Seasonal Flavors: Chestnuts


A beautiful Chinese chestnut tree hangs over our deck. I’ll admit to having a love/hate relationship with this tree, which was planted by friends about thirty years ago.

The tree produces long string-like flowers in the spring that provide a beautiful fragrance during the evening Happy Hour. But once there is a heavy rain, down come all those flowers, creating a big, slimy mess to clean up.

Next, it leafs out, creating wonderful shade, yet with branches high enough above the table to produce a canopy for dining.  That’s usually great, except for last year when the tree was infested with some kind of something that chewed the leaves to lace. These we spent the entire summer sweeping up.
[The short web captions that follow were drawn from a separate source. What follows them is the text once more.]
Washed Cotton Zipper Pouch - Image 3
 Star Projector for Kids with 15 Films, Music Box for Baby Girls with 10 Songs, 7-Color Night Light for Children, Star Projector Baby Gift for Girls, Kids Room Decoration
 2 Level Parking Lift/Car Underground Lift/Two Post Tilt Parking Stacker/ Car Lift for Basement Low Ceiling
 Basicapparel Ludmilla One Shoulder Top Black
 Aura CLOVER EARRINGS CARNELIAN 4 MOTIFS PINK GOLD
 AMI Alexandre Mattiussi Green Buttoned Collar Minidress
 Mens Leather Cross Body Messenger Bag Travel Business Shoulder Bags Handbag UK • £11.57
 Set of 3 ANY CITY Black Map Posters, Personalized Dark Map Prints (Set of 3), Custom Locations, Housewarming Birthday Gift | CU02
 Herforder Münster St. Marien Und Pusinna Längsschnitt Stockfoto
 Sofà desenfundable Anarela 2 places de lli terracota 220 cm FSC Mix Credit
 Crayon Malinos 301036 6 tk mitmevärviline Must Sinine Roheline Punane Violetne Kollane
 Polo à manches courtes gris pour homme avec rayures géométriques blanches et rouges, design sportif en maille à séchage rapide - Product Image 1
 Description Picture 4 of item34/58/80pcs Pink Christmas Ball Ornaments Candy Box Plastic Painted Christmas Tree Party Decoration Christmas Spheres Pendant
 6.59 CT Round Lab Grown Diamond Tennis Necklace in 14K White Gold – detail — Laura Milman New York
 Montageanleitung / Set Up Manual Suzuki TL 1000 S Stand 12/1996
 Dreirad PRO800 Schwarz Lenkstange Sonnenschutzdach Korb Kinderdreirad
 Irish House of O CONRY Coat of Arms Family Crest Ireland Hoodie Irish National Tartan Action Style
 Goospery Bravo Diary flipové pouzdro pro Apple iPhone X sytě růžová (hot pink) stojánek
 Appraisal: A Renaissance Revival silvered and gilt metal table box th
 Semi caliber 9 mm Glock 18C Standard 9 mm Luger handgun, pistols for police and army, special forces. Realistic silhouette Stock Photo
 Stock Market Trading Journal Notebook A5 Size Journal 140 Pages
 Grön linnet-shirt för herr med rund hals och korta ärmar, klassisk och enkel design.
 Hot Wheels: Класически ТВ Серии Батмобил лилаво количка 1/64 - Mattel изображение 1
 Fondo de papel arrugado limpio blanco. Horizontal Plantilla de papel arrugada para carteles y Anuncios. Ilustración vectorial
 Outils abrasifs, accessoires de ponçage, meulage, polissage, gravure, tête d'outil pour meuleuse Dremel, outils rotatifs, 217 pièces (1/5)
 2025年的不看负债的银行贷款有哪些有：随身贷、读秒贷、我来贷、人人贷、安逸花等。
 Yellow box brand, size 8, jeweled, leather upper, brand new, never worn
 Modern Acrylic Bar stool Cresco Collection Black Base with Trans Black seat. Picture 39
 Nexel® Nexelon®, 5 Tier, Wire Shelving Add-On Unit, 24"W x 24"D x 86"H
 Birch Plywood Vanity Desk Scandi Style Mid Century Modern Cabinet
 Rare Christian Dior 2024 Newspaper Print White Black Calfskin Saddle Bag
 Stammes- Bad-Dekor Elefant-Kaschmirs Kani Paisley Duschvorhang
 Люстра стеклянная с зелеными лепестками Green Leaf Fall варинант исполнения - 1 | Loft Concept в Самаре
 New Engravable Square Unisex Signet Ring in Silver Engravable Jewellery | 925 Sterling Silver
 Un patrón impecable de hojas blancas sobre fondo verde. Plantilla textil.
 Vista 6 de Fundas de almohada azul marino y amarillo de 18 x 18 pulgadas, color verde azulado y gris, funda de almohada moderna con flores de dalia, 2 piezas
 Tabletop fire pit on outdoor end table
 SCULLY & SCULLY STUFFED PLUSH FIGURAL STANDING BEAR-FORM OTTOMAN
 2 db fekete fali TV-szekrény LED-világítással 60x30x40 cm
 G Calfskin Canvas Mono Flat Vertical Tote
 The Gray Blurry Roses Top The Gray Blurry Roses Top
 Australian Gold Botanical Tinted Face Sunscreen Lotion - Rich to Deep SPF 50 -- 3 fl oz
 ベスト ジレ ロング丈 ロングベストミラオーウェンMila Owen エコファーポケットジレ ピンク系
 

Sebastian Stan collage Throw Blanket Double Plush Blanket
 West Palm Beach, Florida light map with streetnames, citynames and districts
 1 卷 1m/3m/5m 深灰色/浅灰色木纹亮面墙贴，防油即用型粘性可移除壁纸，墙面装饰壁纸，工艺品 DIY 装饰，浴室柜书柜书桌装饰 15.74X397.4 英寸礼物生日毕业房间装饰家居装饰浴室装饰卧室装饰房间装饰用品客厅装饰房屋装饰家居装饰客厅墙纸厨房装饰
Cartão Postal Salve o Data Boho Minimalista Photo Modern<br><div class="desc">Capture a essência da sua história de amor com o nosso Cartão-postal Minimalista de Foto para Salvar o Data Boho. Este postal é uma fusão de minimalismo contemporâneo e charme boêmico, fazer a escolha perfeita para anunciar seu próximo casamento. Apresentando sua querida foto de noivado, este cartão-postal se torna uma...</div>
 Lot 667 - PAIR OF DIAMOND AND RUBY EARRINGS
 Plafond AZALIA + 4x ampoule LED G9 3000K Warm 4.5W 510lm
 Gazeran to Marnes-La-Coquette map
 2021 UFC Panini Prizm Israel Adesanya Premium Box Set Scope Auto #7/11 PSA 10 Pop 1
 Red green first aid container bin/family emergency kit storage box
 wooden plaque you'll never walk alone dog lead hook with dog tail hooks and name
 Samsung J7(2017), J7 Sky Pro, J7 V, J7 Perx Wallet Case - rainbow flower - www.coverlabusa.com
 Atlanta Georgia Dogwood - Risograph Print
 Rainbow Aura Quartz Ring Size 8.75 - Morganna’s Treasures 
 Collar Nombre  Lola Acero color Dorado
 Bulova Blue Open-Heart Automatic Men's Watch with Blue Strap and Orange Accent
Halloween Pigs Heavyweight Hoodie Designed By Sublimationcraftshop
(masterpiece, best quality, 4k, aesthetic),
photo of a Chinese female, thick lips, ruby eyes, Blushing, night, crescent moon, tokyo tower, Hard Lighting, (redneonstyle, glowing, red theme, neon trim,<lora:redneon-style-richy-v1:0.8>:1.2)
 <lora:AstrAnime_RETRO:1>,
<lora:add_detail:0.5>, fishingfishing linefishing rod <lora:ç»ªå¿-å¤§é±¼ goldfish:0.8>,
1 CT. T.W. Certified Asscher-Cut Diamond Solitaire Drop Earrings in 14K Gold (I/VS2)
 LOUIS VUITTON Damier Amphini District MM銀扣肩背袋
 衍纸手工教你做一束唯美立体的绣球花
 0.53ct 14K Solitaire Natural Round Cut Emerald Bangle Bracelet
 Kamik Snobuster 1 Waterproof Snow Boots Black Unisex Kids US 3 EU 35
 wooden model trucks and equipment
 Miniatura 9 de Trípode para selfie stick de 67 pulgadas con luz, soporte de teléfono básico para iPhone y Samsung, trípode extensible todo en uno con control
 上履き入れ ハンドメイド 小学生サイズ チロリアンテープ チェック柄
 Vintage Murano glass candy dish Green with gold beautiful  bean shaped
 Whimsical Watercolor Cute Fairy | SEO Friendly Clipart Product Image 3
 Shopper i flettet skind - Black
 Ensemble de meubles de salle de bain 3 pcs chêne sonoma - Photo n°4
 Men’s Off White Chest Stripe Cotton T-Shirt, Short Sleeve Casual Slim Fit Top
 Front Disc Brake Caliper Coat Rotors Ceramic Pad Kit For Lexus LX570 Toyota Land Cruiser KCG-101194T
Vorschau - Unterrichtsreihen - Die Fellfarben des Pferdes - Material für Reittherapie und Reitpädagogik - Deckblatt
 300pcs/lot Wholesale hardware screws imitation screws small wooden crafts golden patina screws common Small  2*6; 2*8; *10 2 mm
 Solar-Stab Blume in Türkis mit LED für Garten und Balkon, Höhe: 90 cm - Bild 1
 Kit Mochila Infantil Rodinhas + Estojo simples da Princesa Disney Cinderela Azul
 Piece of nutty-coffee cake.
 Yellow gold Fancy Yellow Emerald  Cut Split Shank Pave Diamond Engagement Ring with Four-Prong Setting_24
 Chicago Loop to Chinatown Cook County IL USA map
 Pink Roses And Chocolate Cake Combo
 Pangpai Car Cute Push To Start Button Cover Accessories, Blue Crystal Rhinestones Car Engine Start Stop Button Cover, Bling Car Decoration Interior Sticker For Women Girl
Then in September, the chestnut hulls ripen and brown into spiky, dangerous wonders of nature. They fall in profusion. You can’t pick them up without kitchen tongs. If you step on one, it’s beyond horribly painful. Every year, despite repeated warnings, someone does.

During the first chestnut drop, the hulls split and we can retrieve very nice, ripe chestnuts.  After that, for several weeks, the deck and yard are littered with what I call ‘the duds’.  These hulls have no nuts, yet fall in abundance. We sweep. Then we sweep again. Once we were relaxing at the table and a huge hull fell, kerplunck, straight into my brother’s wine glass.

And then of course, the leaves turn yellow and fall from the tree. We sweep some more.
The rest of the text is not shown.